Num país onde 40 milhões de brasileiros passam fome, milhares de toneladas de alimentos são jogados no lixo todos os dias. Essa contradição aponta que antes de tentar matar a fome é preciso combater um outro mal: o do desperdício. Mas enquanto a cultura do consumo consciente não se estabelece, iniciativas bem-sucedidas criadas por entidades da sociedade civil mostram como transformar esse mal em um grande aliado no combate à fome e à desnutrição. O Serviço Voluntário de Assistência Social (Servas), uma organização não-governamental de Belo Horizonte (MG), desenvolve desde 1998 o programa Vitasopa – um complemento alimentar que enriquece a comida de milhares de crianças e adultos em creches, escolas e asilos. São 672 entidades beneficiadas no Estado, entre elas a Santa Casa e as Associações de Pais e Amigos dos Excepcionais (Apae).

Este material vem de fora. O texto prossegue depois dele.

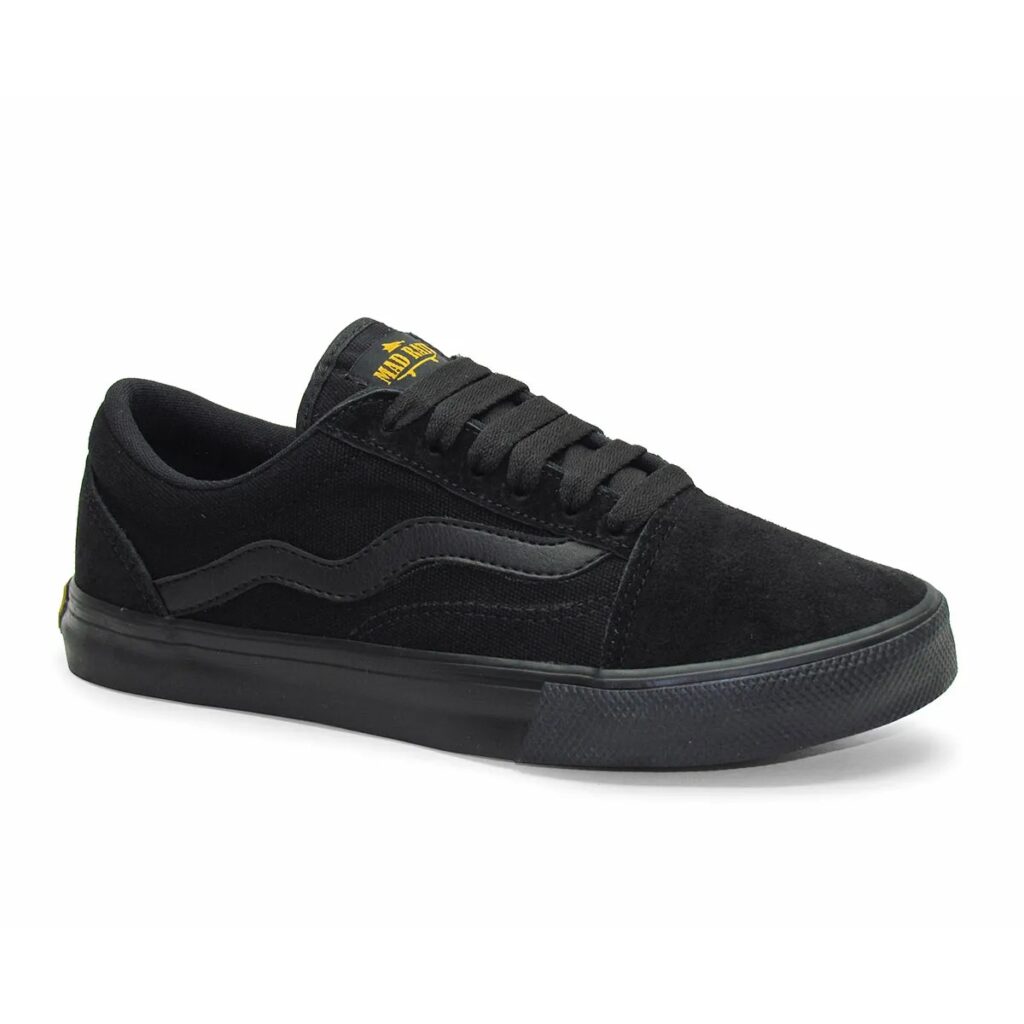 TENIS MAD RATS Old School - PRETO+PRETO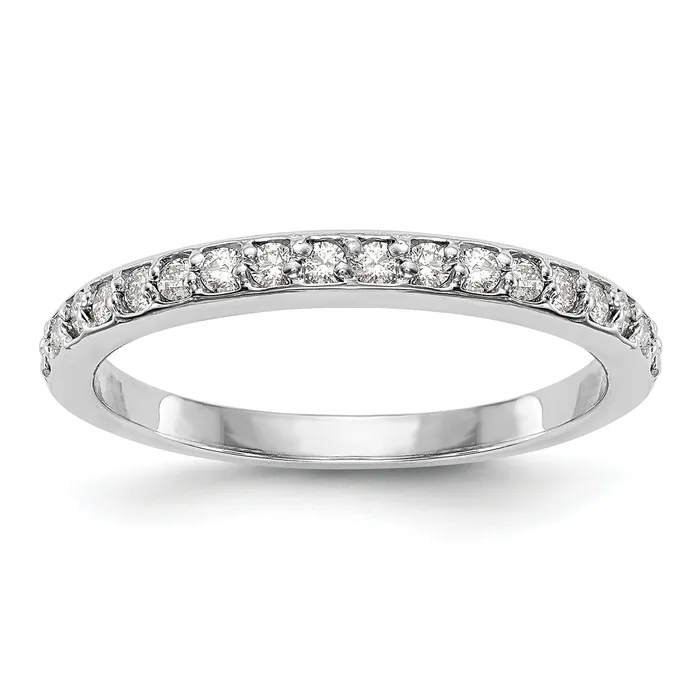 027ct CZ Solid Real 14k White Gold Wedding Wedding Band Ring Goldia Rings 027ct CZ Solid Real 14k White Gold Wedding Wedding Band Ring Goldia Rings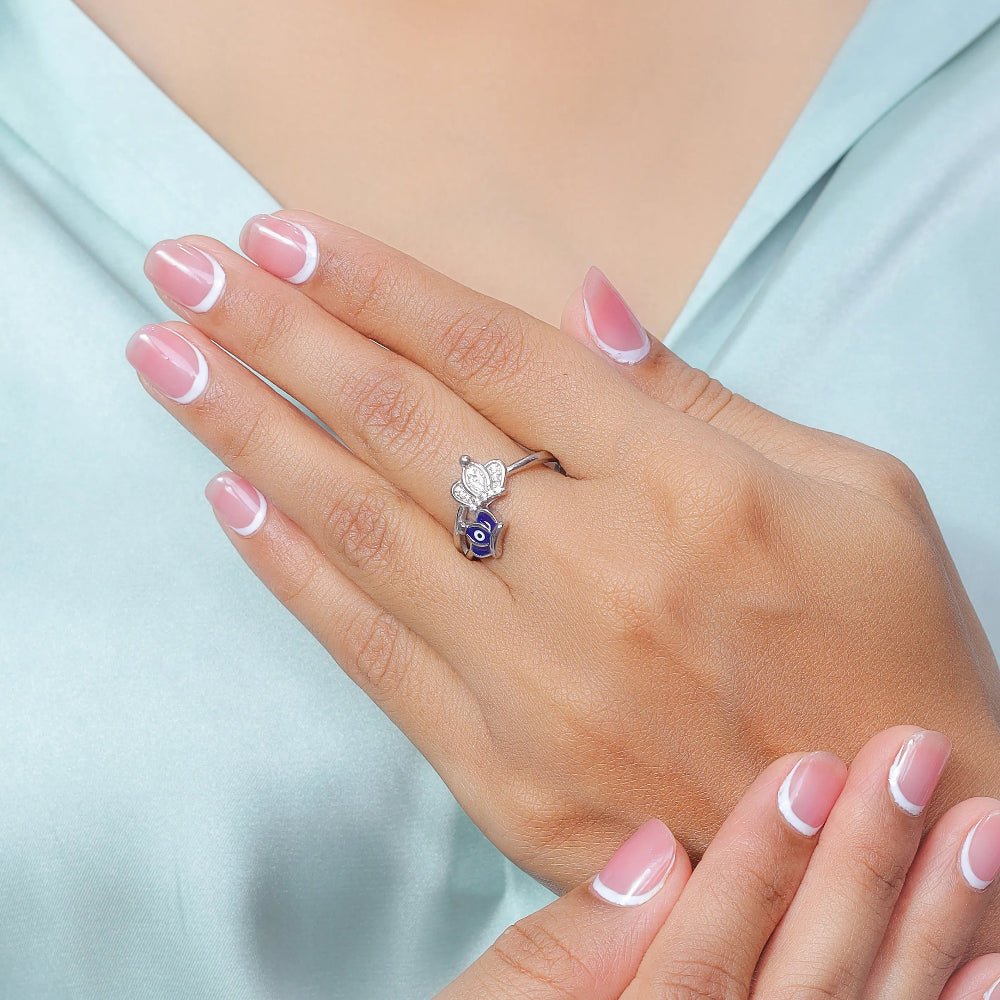 925 Silver Crown Eye Ring - 925 sterling silver ring by Tassya Silver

A sopa é feita com os excedentes de legumes, verduras e cereais doados por comerciantes do Ceasa e por produtores rurais mineiros. O que antes iria para o lixo, embora adequado para o consumo, é esterilizado e transformado numa mistura pastosa de alto valor nutritivo. “Ela pode ser usada também no preparo de outros alimentos, como carne, frango ou ovos. Serve ainda como ingrediente para dar sabor às massas de pães e pizzas. O resultado é uma refeição saborosa e rica em nutrientes. Esse trabalho tem ajudado a combater três graves problemas brasileiros: a fome, a desnutrição e o desperdício”, afirma Andrea Neves da Cunha, presidente do Servas e irmã do governador mineiro Aécio Neves (PSDB). A Vitasopa é distribuída gratuitamente em latas e rende até 40 refeições.

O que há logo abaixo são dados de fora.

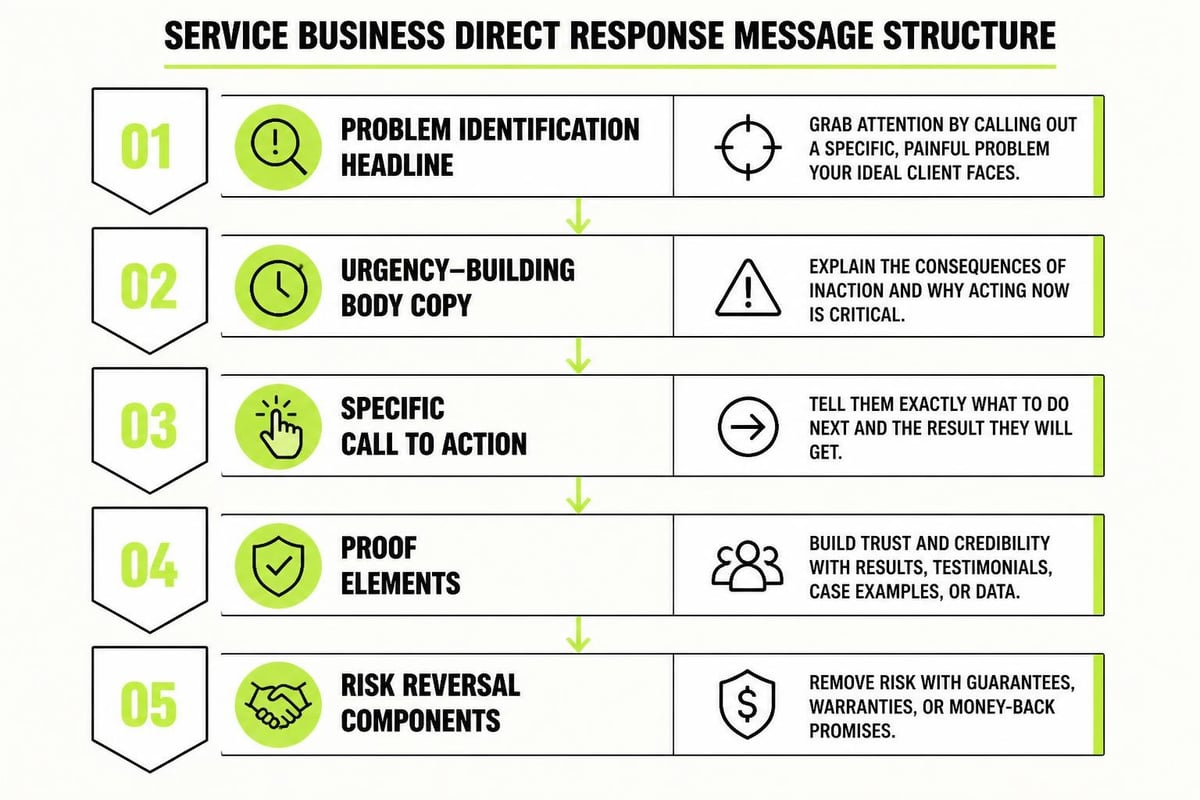 Direct response copywriting structure
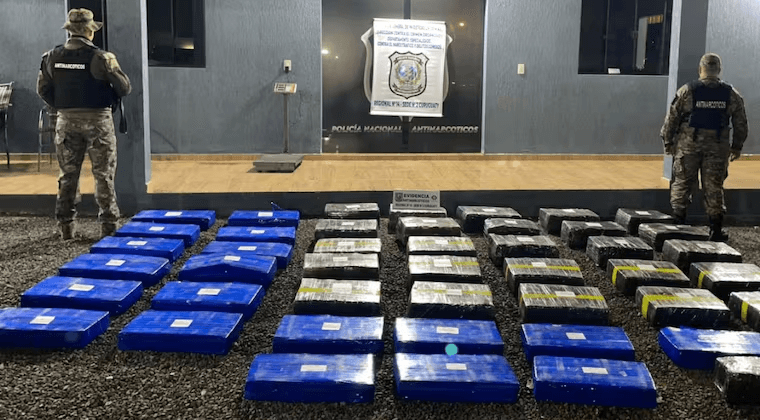 Hallan más de 700 kilos de marihuana en una casa abandonada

Segundo ela, o programa é mantido graças a parcerias com entidades
empresariais, que financiam parte dos custos, e com o governo do Estado,
que disponibiliza transporte para recolhimento dos alimentos e distribuição
do produto já industrializado nas instituições conveniadas. Também veio do
governo estadual a instalação da fábrica que produz o Vitasopa. O êxito do pro-
grama do Servas – que hoje chega a 217 municípios mineiros – levou a ONG a ampliar as opções de seu cardápio. Além da sopa, serão produzidos conservas (cenoura e batatas) e doces de frutas. O Centro Universitário de Belo Horizonte, outro parceiro do programa, estuda desidratar o suplemento, o que facilitará a distribuição. A previsão é que essa nova produção seja feita já nas três novas fábricas que a instituição quer construir até o final do ano. Elas serão feitas em parceria com as prefeituras dos municípios de Montes Claros, Janaúba e Uberaba e com o governo estadual, que irá financiar os equipamentos. “Com isso, mais pessoas poderão ser beneficiadas”, assegura Andrea.

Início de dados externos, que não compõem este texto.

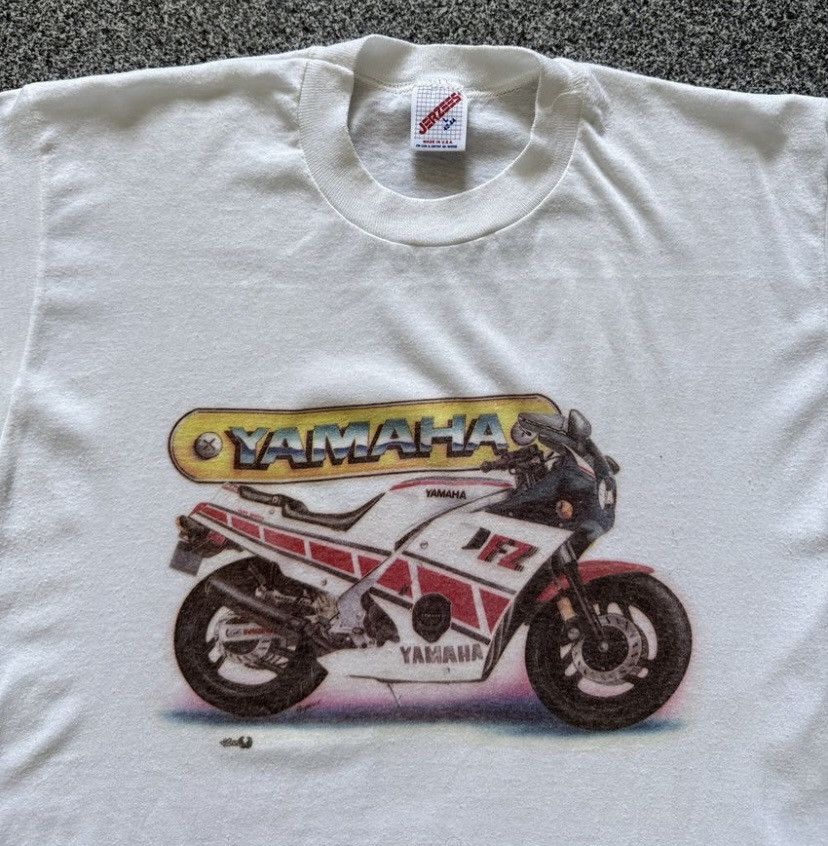 Vintage Vintage Rare Yamaha FZR Motorcycle T-Shirt | Single Stitch | Size US L / EU 52-54 / 3 - 5 Thumbnail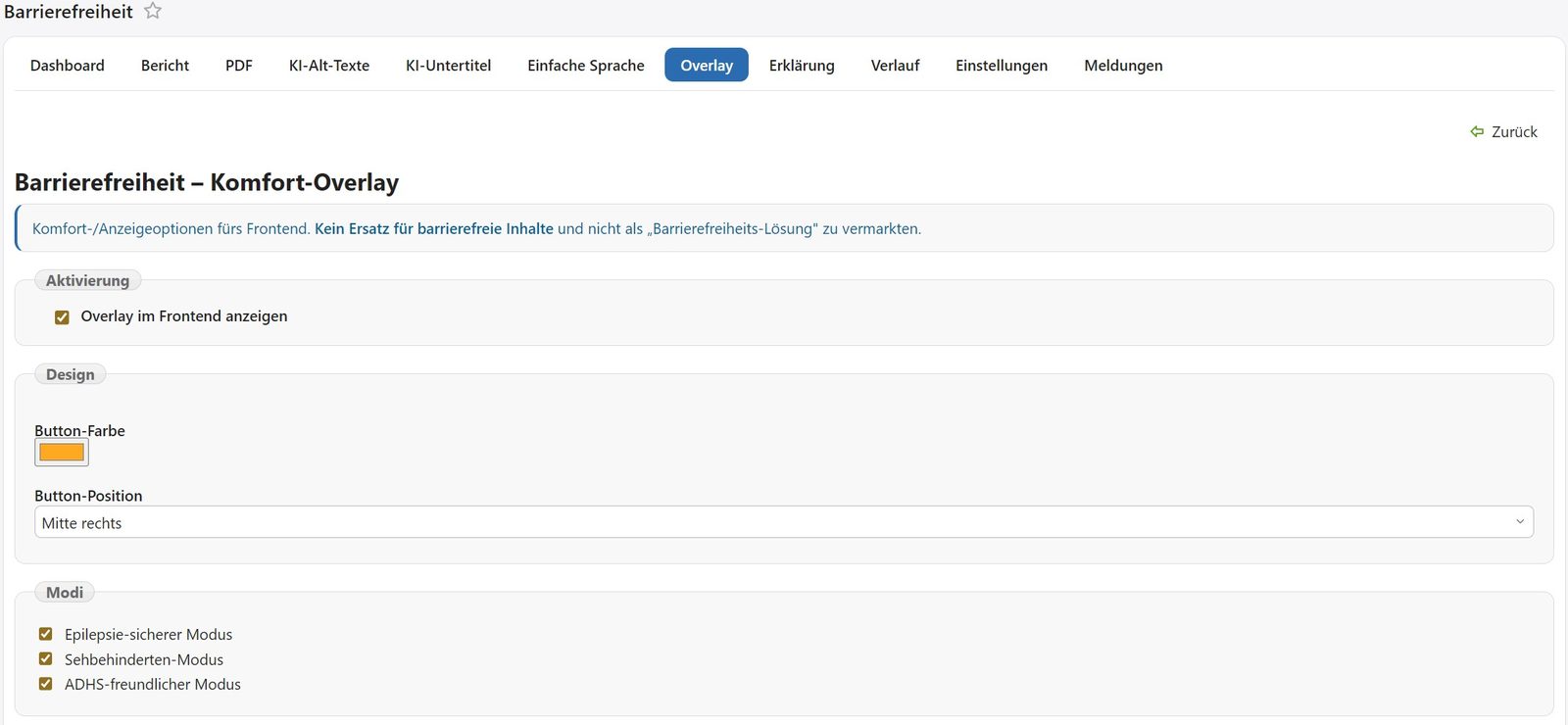 a11y Backend &mdash; Overlay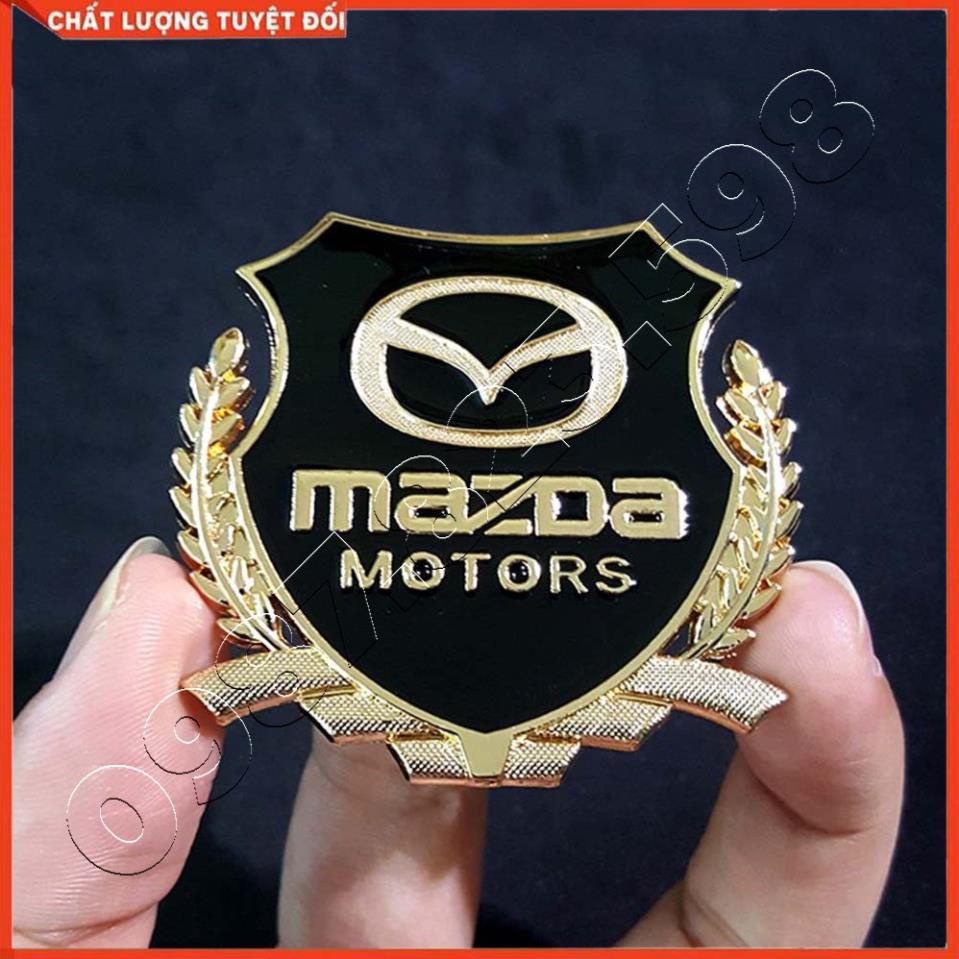 ✅ Logo Bông Lúa Dán Xe Mazda, Logo Dán Xe Ô Tô Sẵn Keo 3M ✅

Setenta e oito crianças da escola infantil Educar, em Contagem (MG), já provam do alimento desde o ano passado, quando a mistura foi adicionada ao cardápio da instituição. Filhos de funcionários do Ceasa, a maioria apresentava problemas de desnutrição. Uma dieta balanceada fortalecida pelo uso da sopa está ajudando a mudar a realidade dessas crianças. “Usamos a Vitasopa como um ingrediente a mais no preparo das refeições. Adicionamos o suplemento até em tortas e pães que preparamos para os lanches”, conta a psicóloga Maria Dalva Garcia Pacheco, coordenadora pedagógica da escola que já começa a observar resultados. “Eles estão ganhando peso e com uma cor de pele mais saudável.”